- **TASK DESCRIPTION**
Every line below from the one containing "aineistoa, uusi lainoja, tee varauksia." through the one containing "Entre los que te invocan - Prez y Loor" is to be printed exactly, with the pictures omitted.

- **RECORDS FOR THE EXERCISE**
------------------------
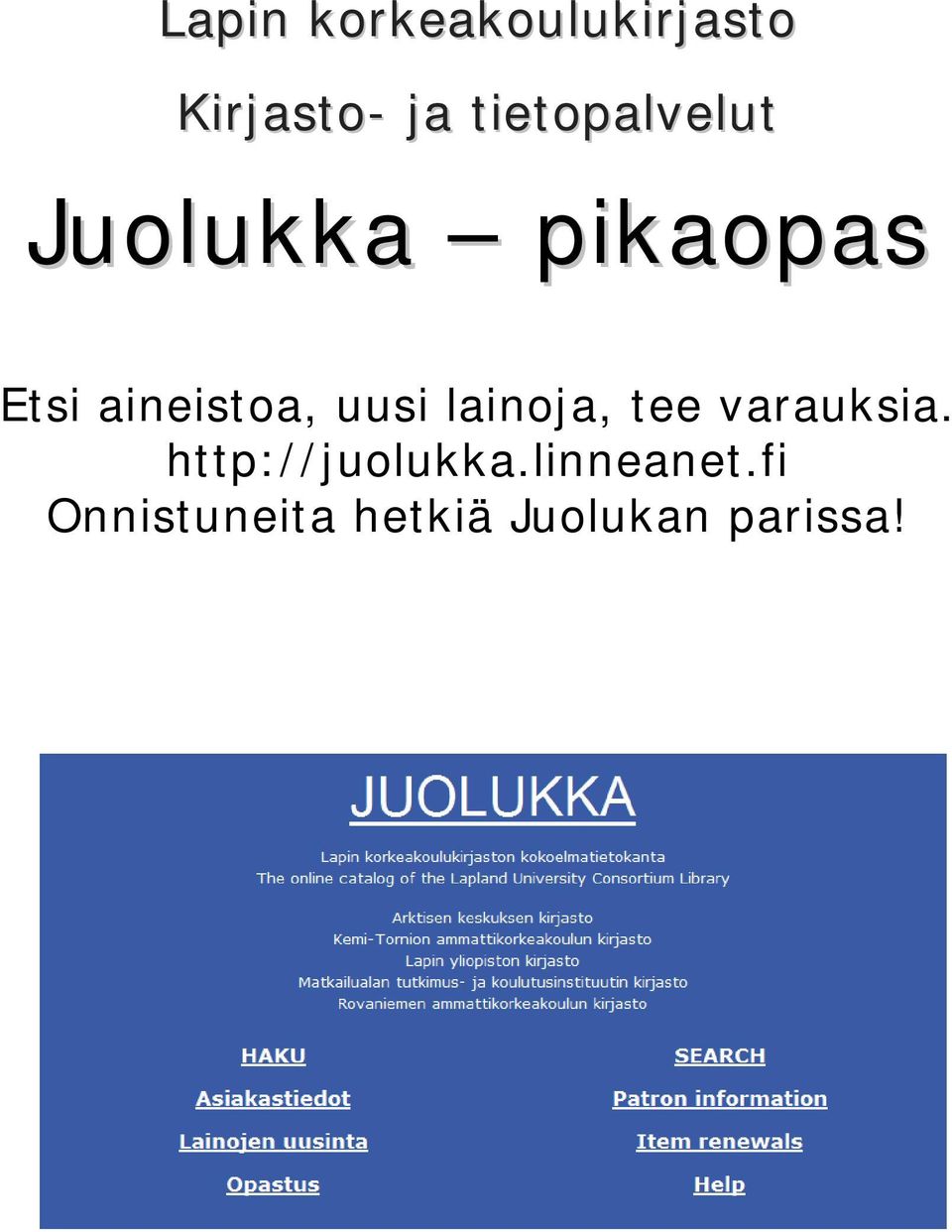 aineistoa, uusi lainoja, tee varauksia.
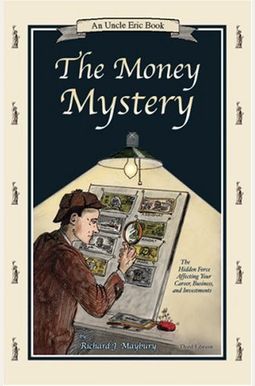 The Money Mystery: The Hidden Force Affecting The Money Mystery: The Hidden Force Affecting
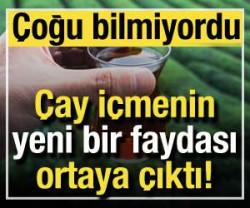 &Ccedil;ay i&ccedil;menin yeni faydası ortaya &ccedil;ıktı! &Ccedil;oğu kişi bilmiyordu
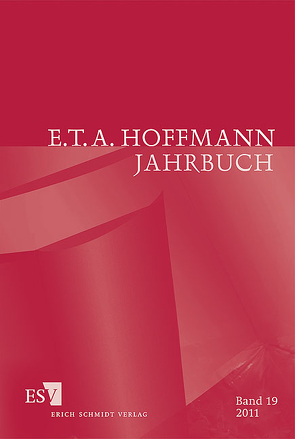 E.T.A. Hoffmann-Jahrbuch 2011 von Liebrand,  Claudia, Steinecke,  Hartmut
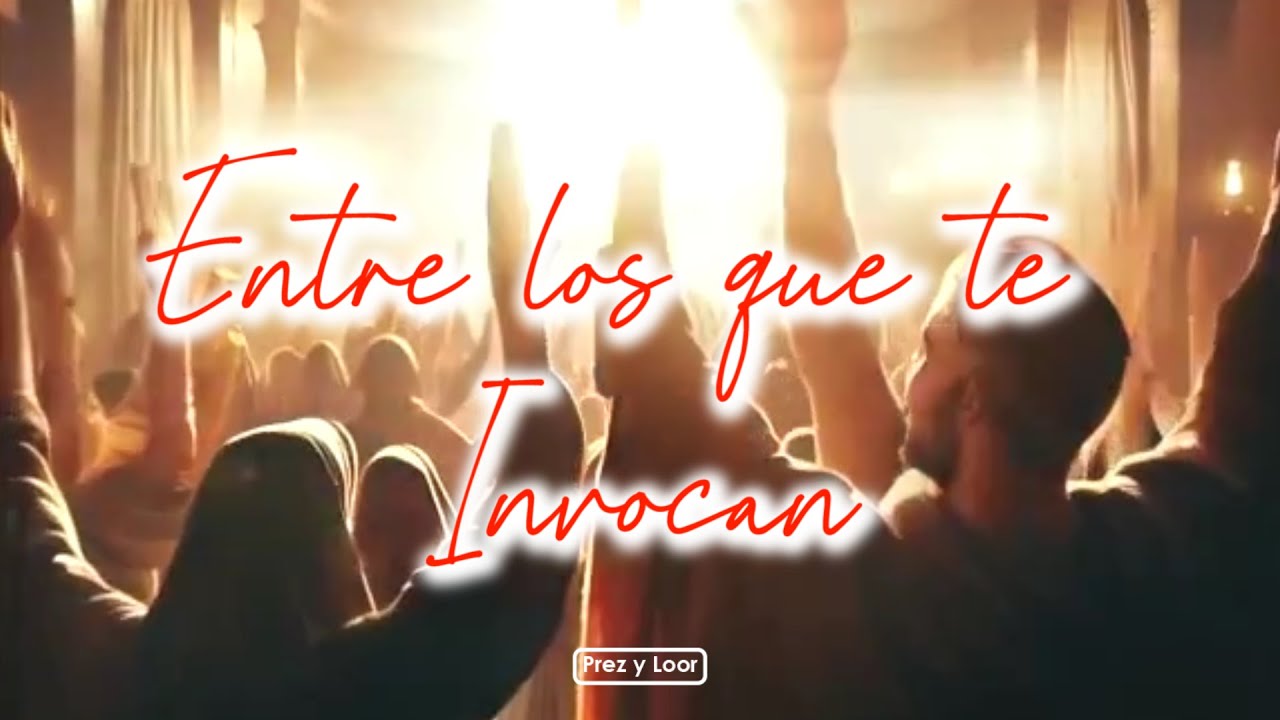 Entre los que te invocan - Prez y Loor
------------------------
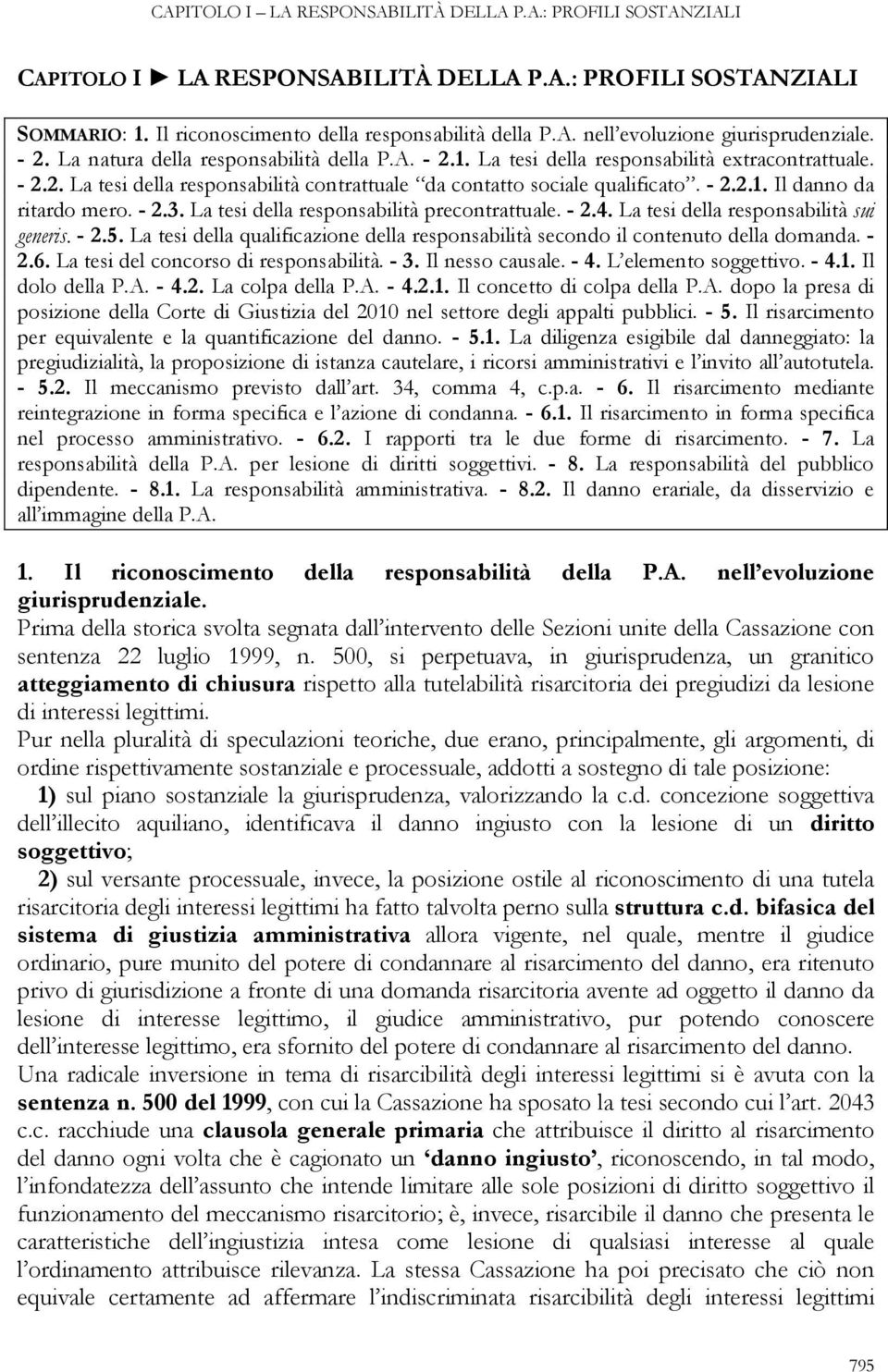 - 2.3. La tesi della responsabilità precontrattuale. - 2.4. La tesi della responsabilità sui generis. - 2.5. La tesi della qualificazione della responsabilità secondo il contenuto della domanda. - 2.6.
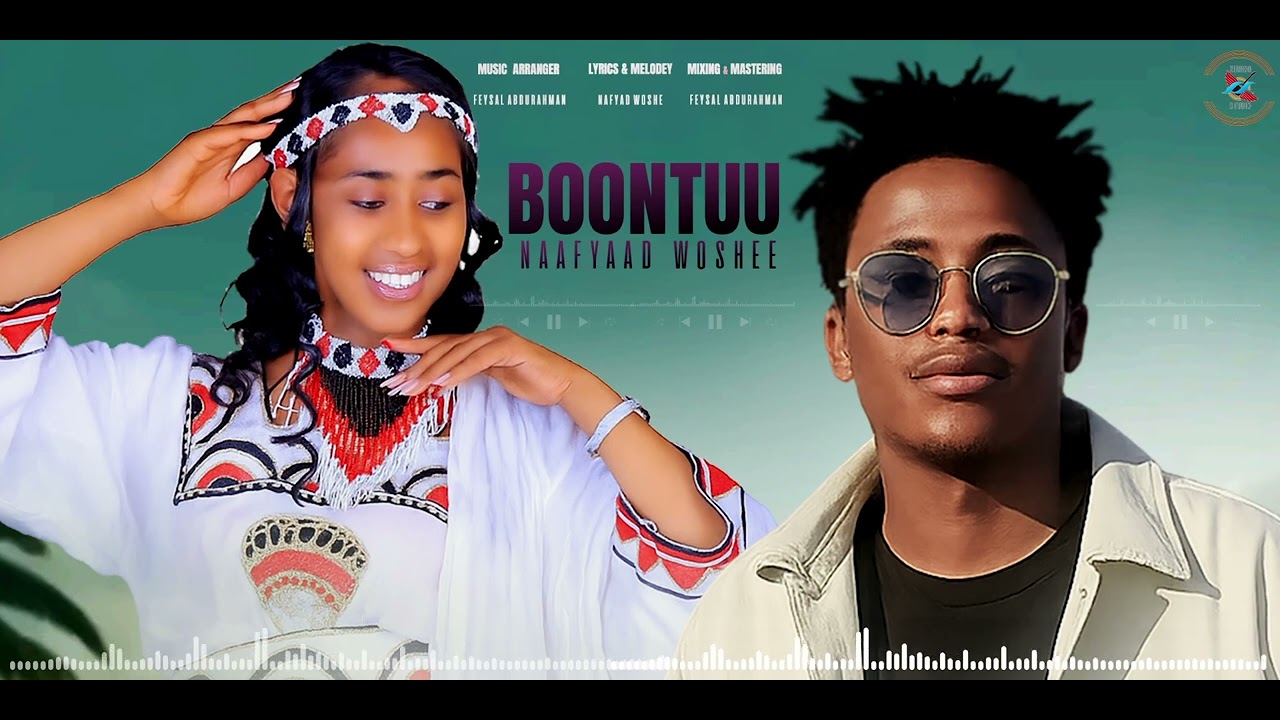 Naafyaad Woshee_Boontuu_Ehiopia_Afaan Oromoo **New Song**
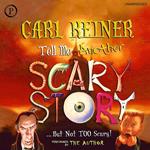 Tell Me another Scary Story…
------------------------
- **ANSWER BELOW**
 aineistoa, uusi lainoja, tee varauksia.
 The Money Mystery: The Hidden Force Affecting The Money Mystery: The Hidden Force Affecting
 &Ccedil;ay i&ccedil;menin yeni faydası ortaya &ccedil;ıktı! &Ccedil;oğu kişi bilmiyordu
 E.T.A. Hoffmann-Jahrbuch 2011 von Liebrand,  Claudia, Steinecke,  Hartmut
 Entre los que te invocan - Prez y Loor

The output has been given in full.